Please, fellow writers. Do NOT try this at home.

(Reference: http://autos.aol.com/article/women-worse-drivers/?icid=maing-grid7%7Cmain5%7Cdl7%7Csec1_lnk3%7C75950)

Sunday, July 10, 2011

Redundant Redundancies

The English language is unwaveringly specific about certain things. For example, the pronouns “he” and “she” each apply to one person, not many.  A “couple” of items or people equates to two items or two people.

Our language can also be delightfully and frustratingly vague, such as the definition of “several.” My trusty computer dictionary says it means “more than two, but not many.” But depending on where you are in the country, “several” can mean anywhere from three to five, three to seven, or just plain seven. An East Coast friend once argued that “several” and “seven” mean the same thing, to which I countered, “If they’re the same, why not just say seven?”

But I digress…

Here’s a headline from an online news story originated by the Associated Press:

            “1 Woman, Children Hurt in Denver School Bus Crash”

“Woman” (with an ‘a’) is singular. More than one woman would be “women” (with an ‘e’). Thus placing the numerical value of one in front of “woman” is not necessary.

Nitpicky? Of course. That’s what I do. :-) 

Wednesday, July 6, 2011

Expectations

Why do I (and so many other like-minded folks) get my knickers in a twist over missing punctuation, poor wording, bad grammar, and every other category of typo?

Expectations.

When I open a book, magazine, or newspaper, or when I click on a story in the Internet, I expect to see professionally written material that has been looked over by at least one other set of eyes.

I expect to see good, clean, error-free writing because I’m expected to do a good job when I show up for work. It’s called “job performance” and “being professional.” Why should paid writers be any different from the rest of the working class?

Lastly, I expect all of this because good, clean, error-free writing used to be the standard, not the exception. It should still be the standard.

Nobody’s perfect. I’ll be the first to attest to that. But that shouldn’t stop each and every one of us from trying to write well.

Tuesday, June 28, 2011

Moving Violations

It’s summer, and vacationers everywhere are hitting the roads. Unfortunately, the typo brigade is still hard at work back in the office.

From – what else? – online news stories posted by local television stations:

“…In Colorado, it is illegal to ride your bike at night without lights on them.”

One bike. Not multiple bikes. "It." Not "them."

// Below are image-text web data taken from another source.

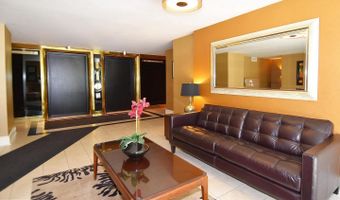 1245 13TH St NW 811, Washington, DC 20005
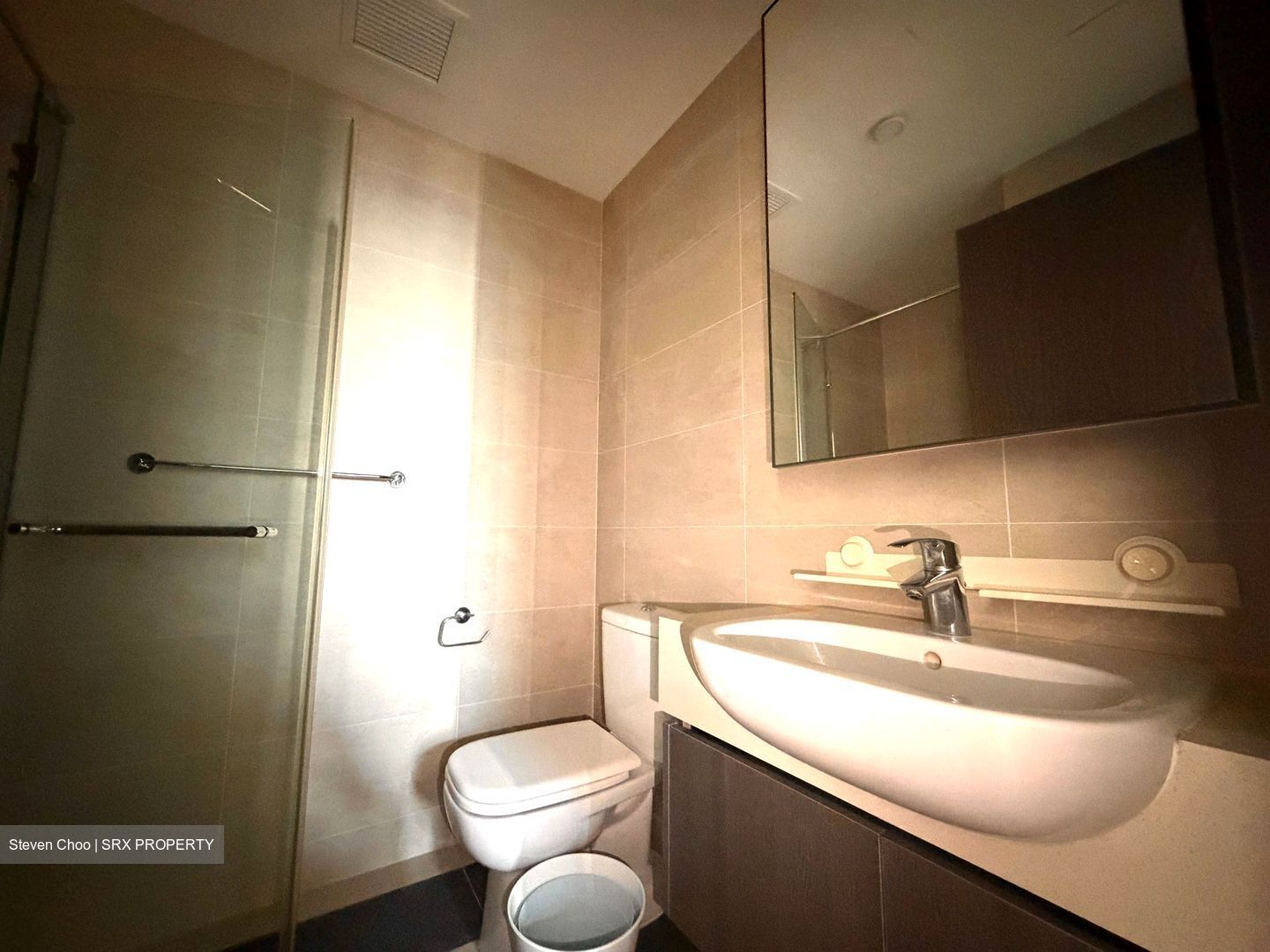 Parc Riviera (D5), Condominium #562758081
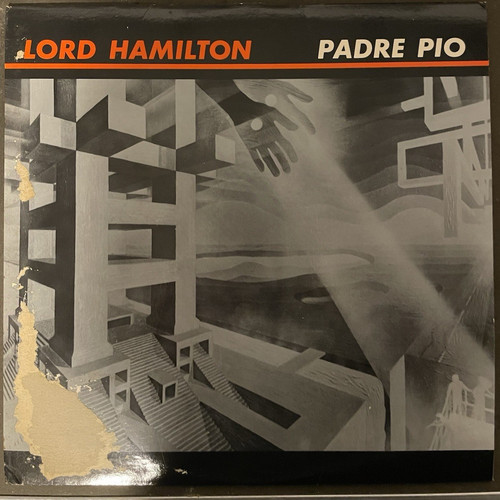 Lord hamilton padre - lord, hamilton-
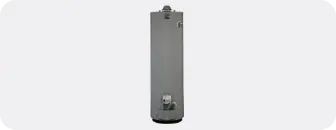 Water Heater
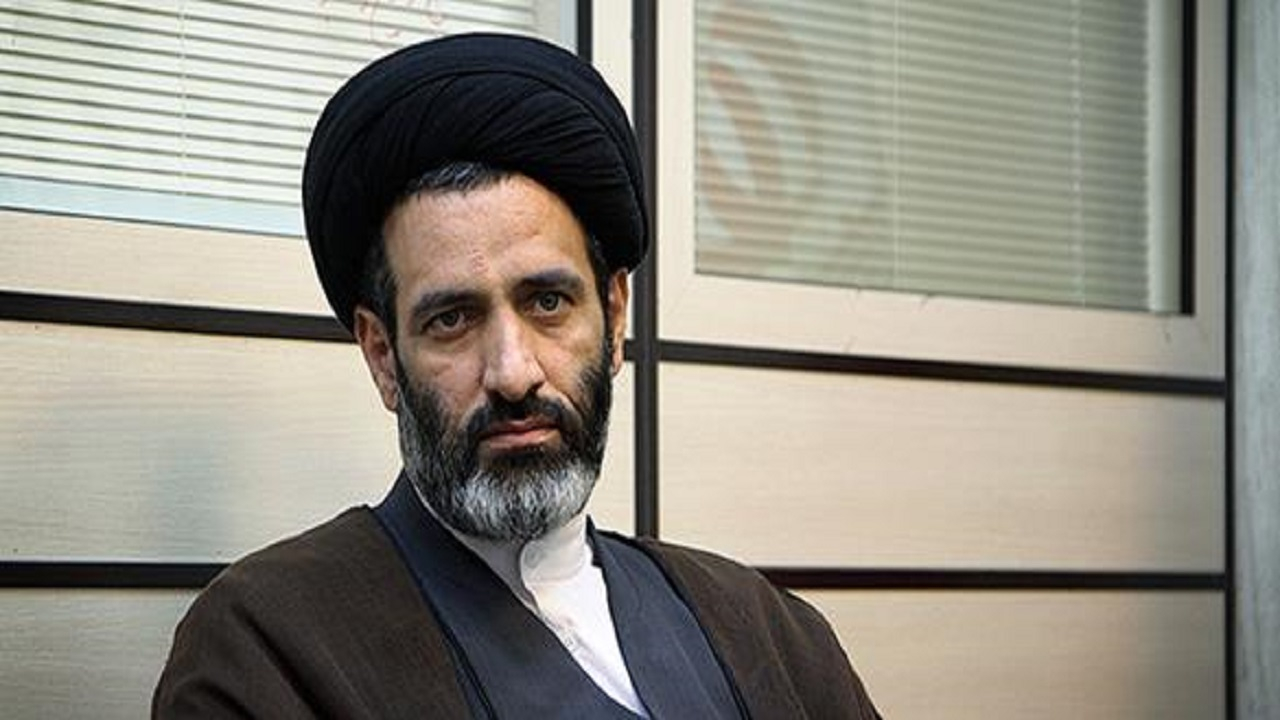 قطعی گاز صنایع در فصل زمستان با تأخیر انجام می‌شود/ گاز بخش خانگی قطع نمی‌شود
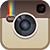 instagram.png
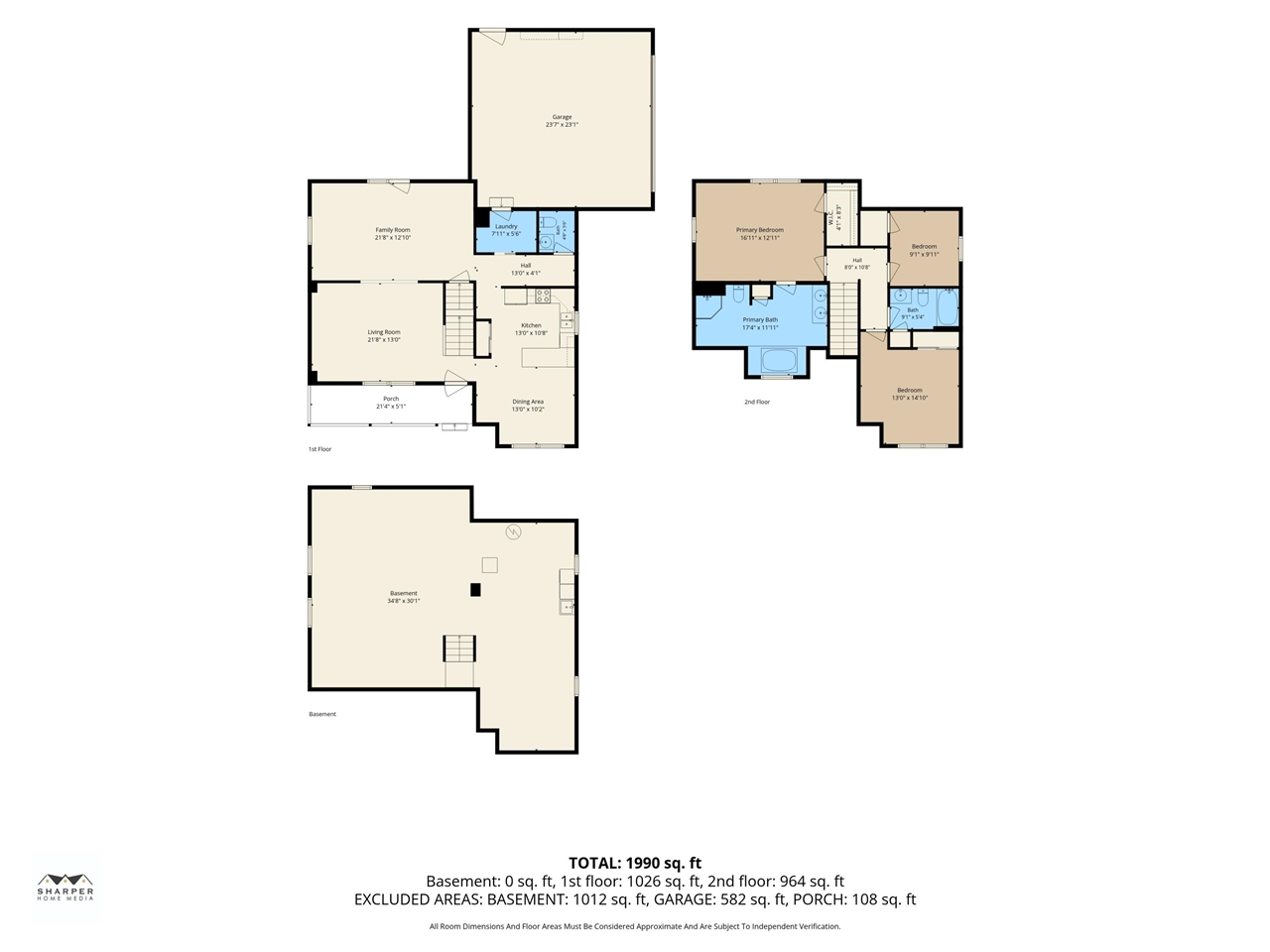 main property photo 83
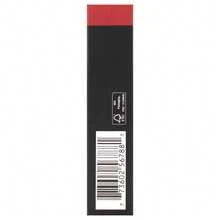 Powder Kiss Liquid Lipcolor - 991 Devoted To Chill By MAC For Women - 0.17 Oz Lipstick - 紅色 - 查看 8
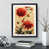 Black Framed selected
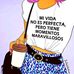Tamara Nestor - Facebook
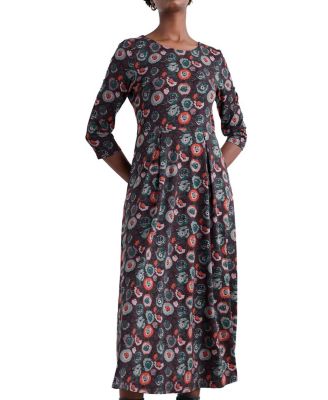  Women's Veronica Dress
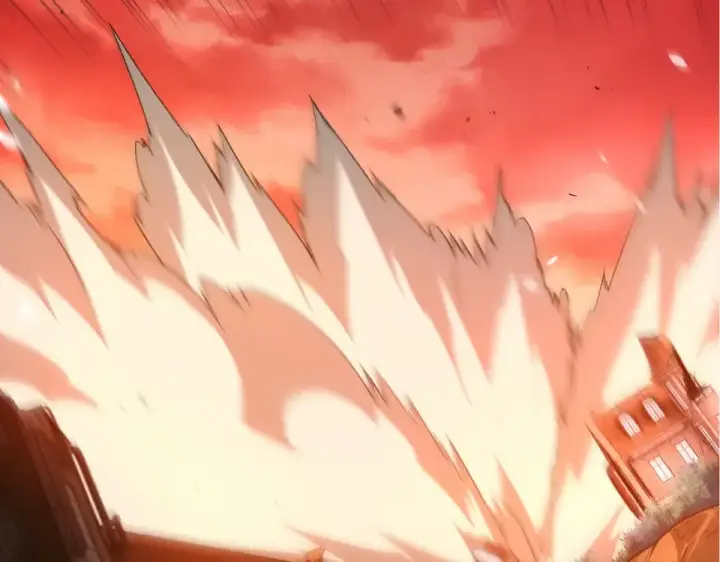 《从大树开始的进化》第471话 赤帝荡魔图77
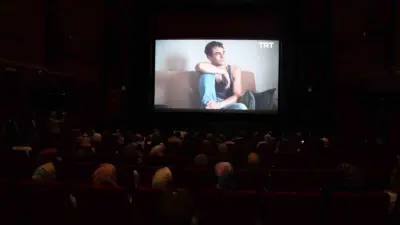 Bursa Büyükşehir Belediyesi, Sırplar tarafından gerçekleştirilen Srebrenitsa katliamını unutturmamak ve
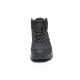 HI-TEC �ϥ��ƥå� �����ȥɥ����塼�� HKU32 EASTEND MID WP ��� ��ǥ����� �ɿ��߷� ���� �ý� 2E �����ȥɥ� �ϥ����� ���л� ��� �ȥ�å��󥰥��塼�� �쥸�㡼 ���Υȥ� tmhthku32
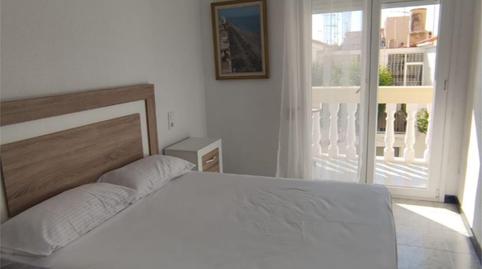 Foto 4 von Wohnung zum Verkauf in Passeig de Jaume I, 17, Casco Urbano, Vinaròs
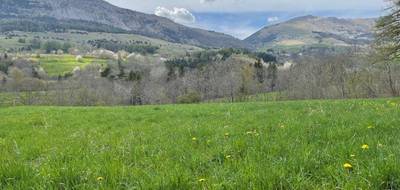 Terrain et maison à Gap en Hautes-Alpes (05) de 120 m² à vendre au prix de 428000€ - 4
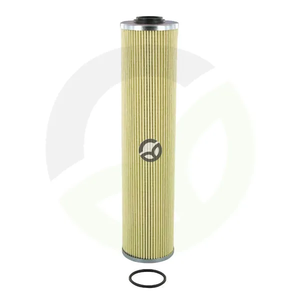 Hidravlični filter - HiFi Filter SH65010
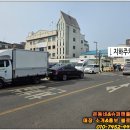 구로-공단-구로-864 이미지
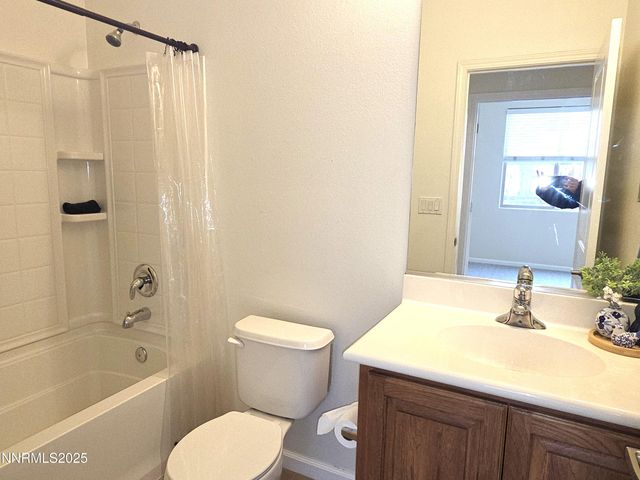 1388 Lambrays Lane, Sparks, NV 89436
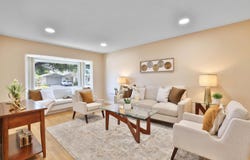 2293 Middletown DR, CAMPBELL, CA 95008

“…When one of the teens attempted to move the woman's vehicle from the driveway, somehow the emergency brake was released.”

Maybe it’s just me, but isn’t it common practice to release the emergency brake when one is attempting to move a vehicle?

Not to fear – an intrepid reporter from a rival station cleared up the whole thing:

“Police said two juvenile males were helping her clean her driveway in the 1000 block of Vega Drive Monday afternoon when they tried to move her car one of them released the emergency brake while the vehicle was in neutral, it rolled backwards down the driveway, that's when officers say the woman was hit by an open door.”

Correction: An intrepid reporter who left his or her bag of punctuation marks at home. I think this one is in the running for the Run-On Sentence of 2011 championship.

All snarkiness aside, my heart goes out to the lady involved in this accident, her family, and the two young men who were just trying to help.

Have fun this summer, folks. And be safe out there.